On a recent trip abroad with my family, we decided to stop in Provence to enjoy another side of the fabulous French people. Rather than take in the normal Provencal cities, we gravitated to a small hillside town above the hustle and bustle of Nice. St. Paul de Vence sits towering on a hillside beckoning you to visit. Built in the middle ages, St. Paul officially became a town in 1388. It became a strong hold of the French Riviera with its fortified walls that surrounded the town. It is in fact the oldest medieval town on the Riviera.
What impressed me about the little town, is the integrity to its historical roots is manicured nicely to the modern shops and art galleries.
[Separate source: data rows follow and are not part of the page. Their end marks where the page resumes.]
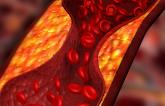 Atherosclerosis Progression May Share Traits With Tumor Growth
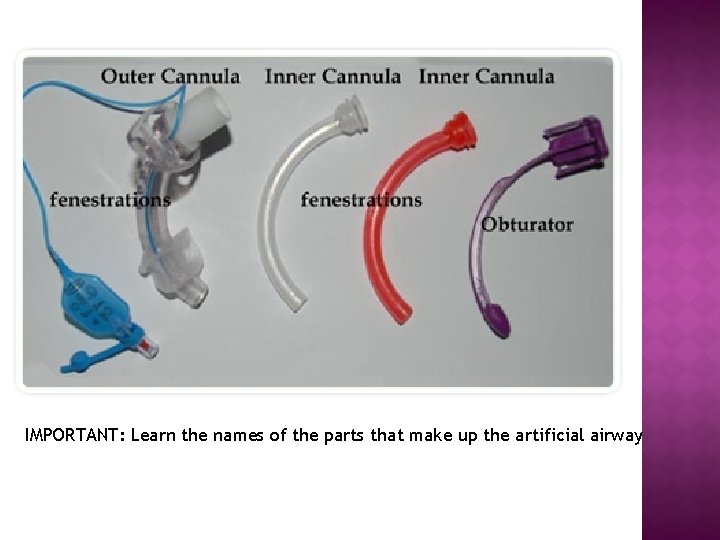 IMPORTANT: Learn the names of the parts that make up the artificial airway 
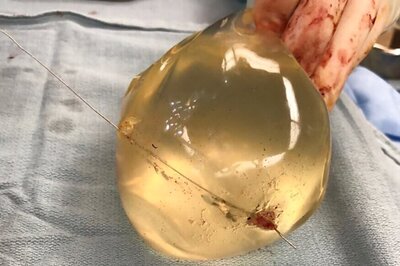 National Plastic Surgery Day 2020: 7 Myths About Breast Implants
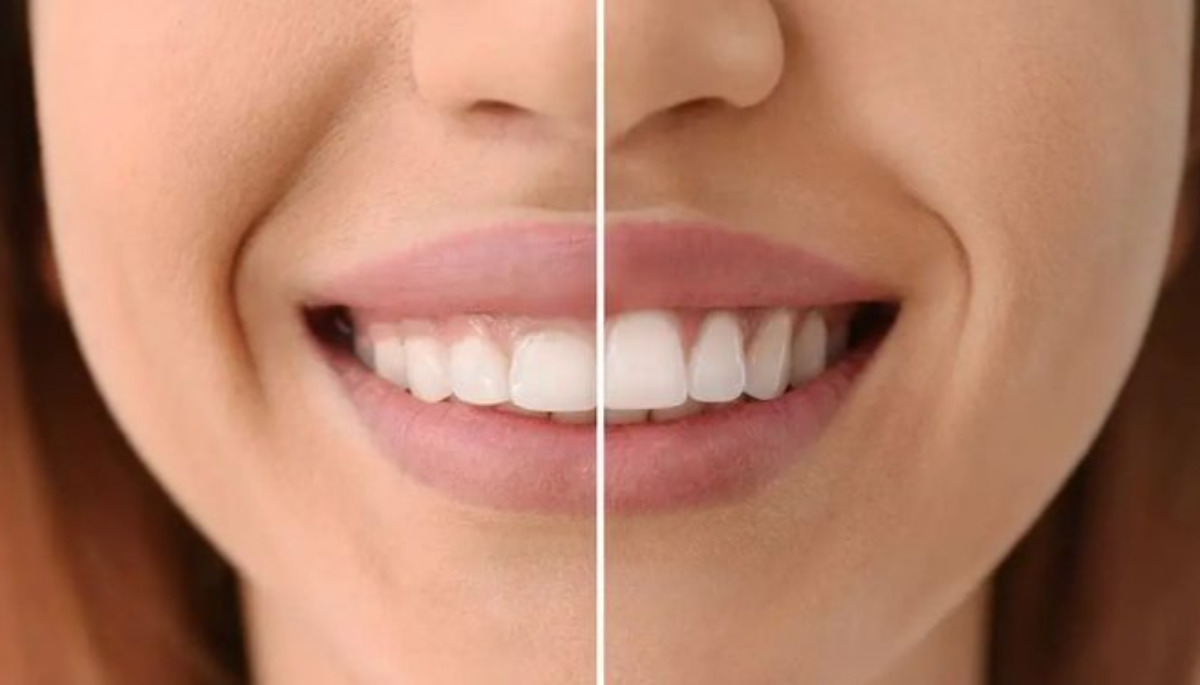 سفید کردن دندان و لیفت لثه با لیزر؛ هزینه و مراحل انجام
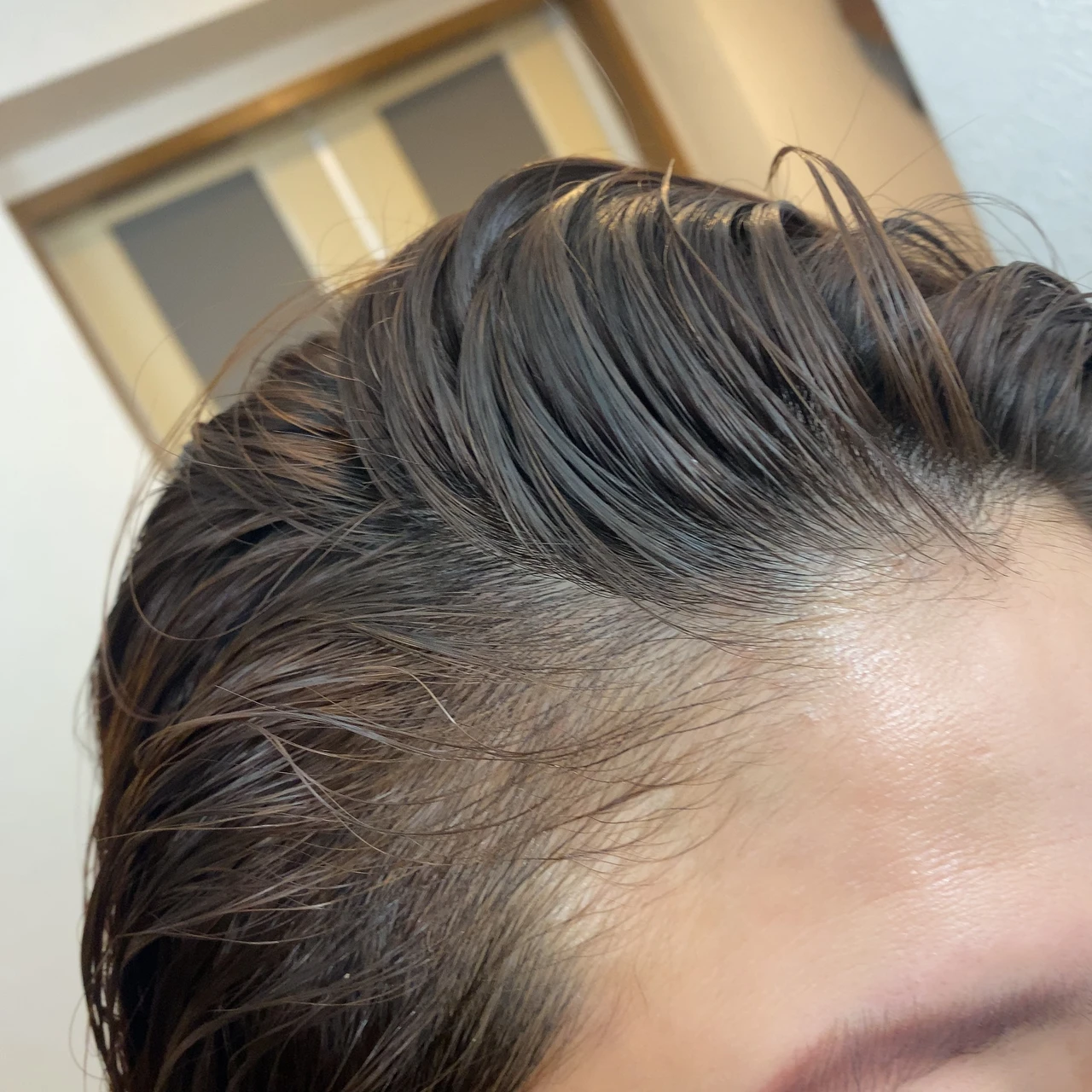 ines アクア チャージ ムース 頭皮ケア スカルプケア 炭酸美容ムース 炭酸美容 頭皮美容液 ヘアケア 保湿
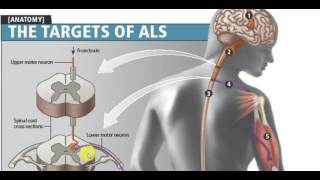 MEDICINE LECTURES  Neurology  AMYOTROPHIC LATERAL SCLEROSIS [upl. by Aihtennek]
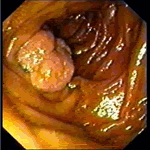 Polyp in jejunum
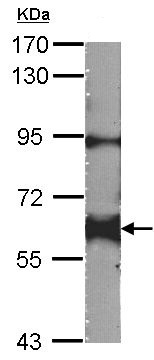 Western blot - Anti-Yes1 antibody (AB152108), expandable thumbnail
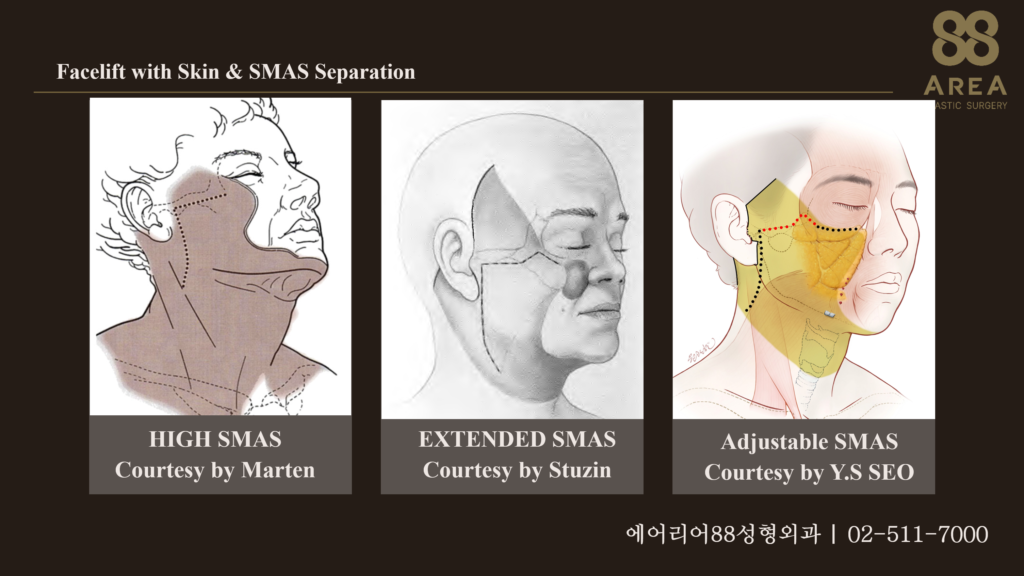 피부와 SMAS를 분리하는 High SMAS, Extended SMAS, Adjustable SMAS의 박리 및 수술 범위를 비교한 해부학 그림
We did not find the tacky tourist souvenirs that one might find in some of the other towns. There were no products on the street, just nicely displayed windows. Doors opened so you could wander in and out of the stores with ease. The shop owners were kind and helpful. All the products in the stores were local and unique to the region of France. You did not have to worry about a retailer getting their goods from a third world country. The souvenirs were truly worth taking away from of St. Paul.
I bought local jams, salts, and mustard that I would not have found here in the United States. I also bought lavender sachets tied up in the local Provencal cloth of the region. We did not have time to sit down and have a proper meal at a restaurant, but the smells emanating from the brasseries were divine! We did, however, find an ice cream store opened where we were able to enjoy the street life and cool weather. St. Paul de Vence is a must if you ever make it to the South of France!